Bu kitap tarihini bilmeyen bir topluma tarihinin bir dönemini anlatıyor. Tarihini bilmeyen bir toplum diyoruz gerçekten şu an bize anlatılan tarihin ne bölgeyle ne de dünya ile bir bağlantısı bulunuyor. Oturulup siyasi ve ideolojik nedenlerle masa başında yazılan bir tarih anlayışı vardır. Geçmiş mümkün olduğunca çarpıtılarak anlatılmış, toplumun bilmesi istenmeyen bütün olaylar es geçilmiş ya da başka türlü anlatılmıştır. Her olay ters düz edillmiş insanların beyinleriyle oynanmıştır adeta.
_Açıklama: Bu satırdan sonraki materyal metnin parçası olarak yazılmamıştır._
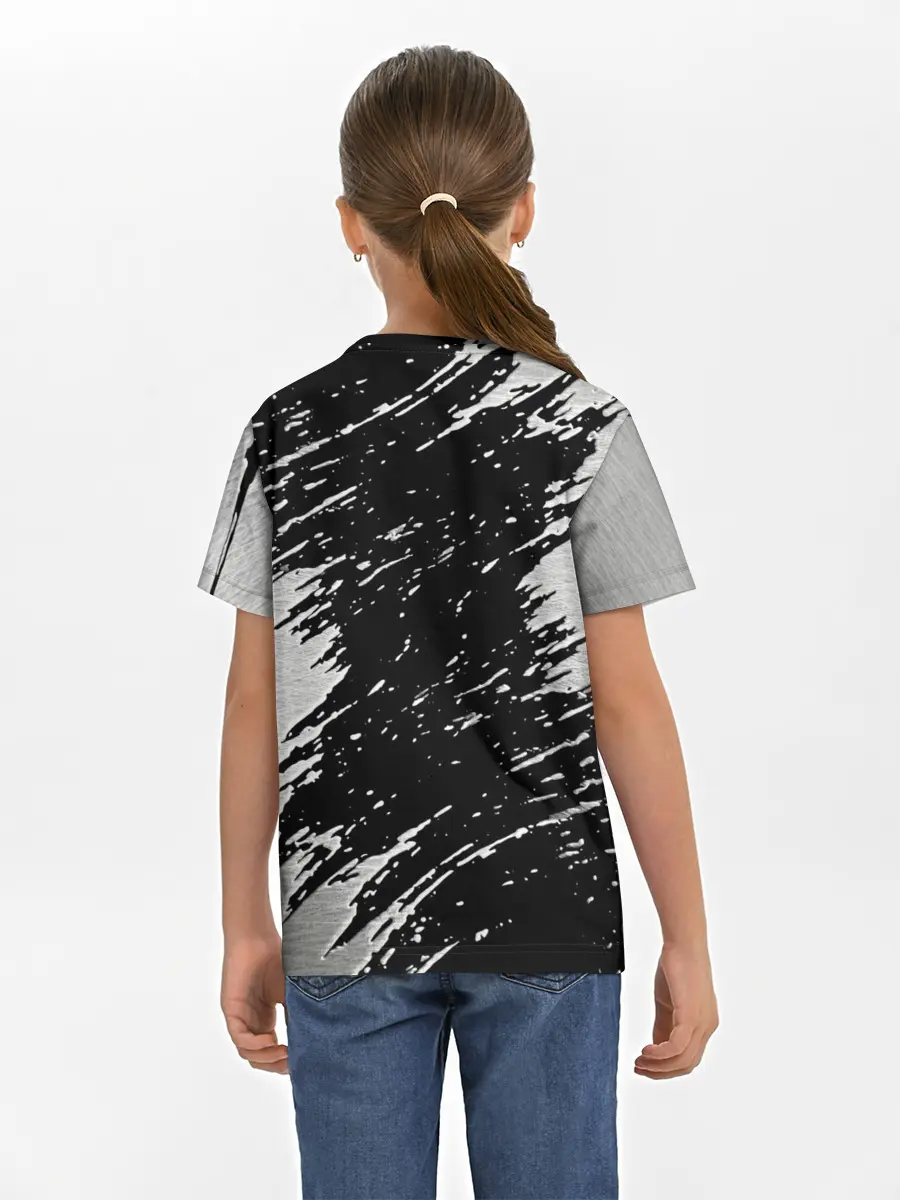 Детская базовая футболка / THE WITCHER LOGO STEEL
Zilanda ölenlerin çocukları babalarını suçlayacak hale getirilmişlerdir. Algı dünyası alt üst edilmiş her şey devletin görmemizi istediği biçiminde hazırlanarak toplumun beynine işlenmiştir. Kendini, dedesini, annesini, kadeşlerini beğenmeyen, onları kendine yabancı gören bir dolu kuşak yetiştirilmiştir.
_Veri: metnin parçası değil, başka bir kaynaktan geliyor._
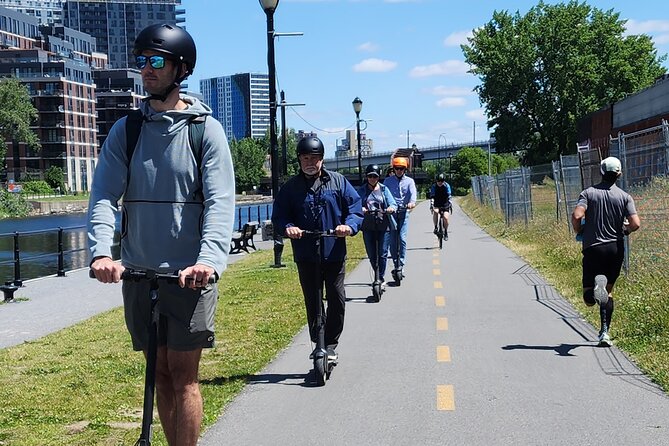 Experience Old Montreal on e-scooters with a local comedian - Price, timing, and what you receive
  • Kitabın içeriğinden biraz bahseder misiniz?

Birinci cilt teorik bir çalışmanın bir ürünüdür. Yani o dönemde yazılan gazeteler, (İç basın, dış basın ilgili kitaplar vs) ile ilgili çalışmalardan oluşmaktadır. Bü tür çalışmalar kitap taraması,ya da bir kütüphane çalışması olarak isimlendirilir. İkinci cilt, bir alan araştırmasıdır. Katliam yerinde ve çevresinde yaşananları konu edinmektedir. Katliam öncesinde, katliam sırasında ve sonrasında yaşananlar yaşayan şahitlerin antlattıklarından aktarılmaktadır.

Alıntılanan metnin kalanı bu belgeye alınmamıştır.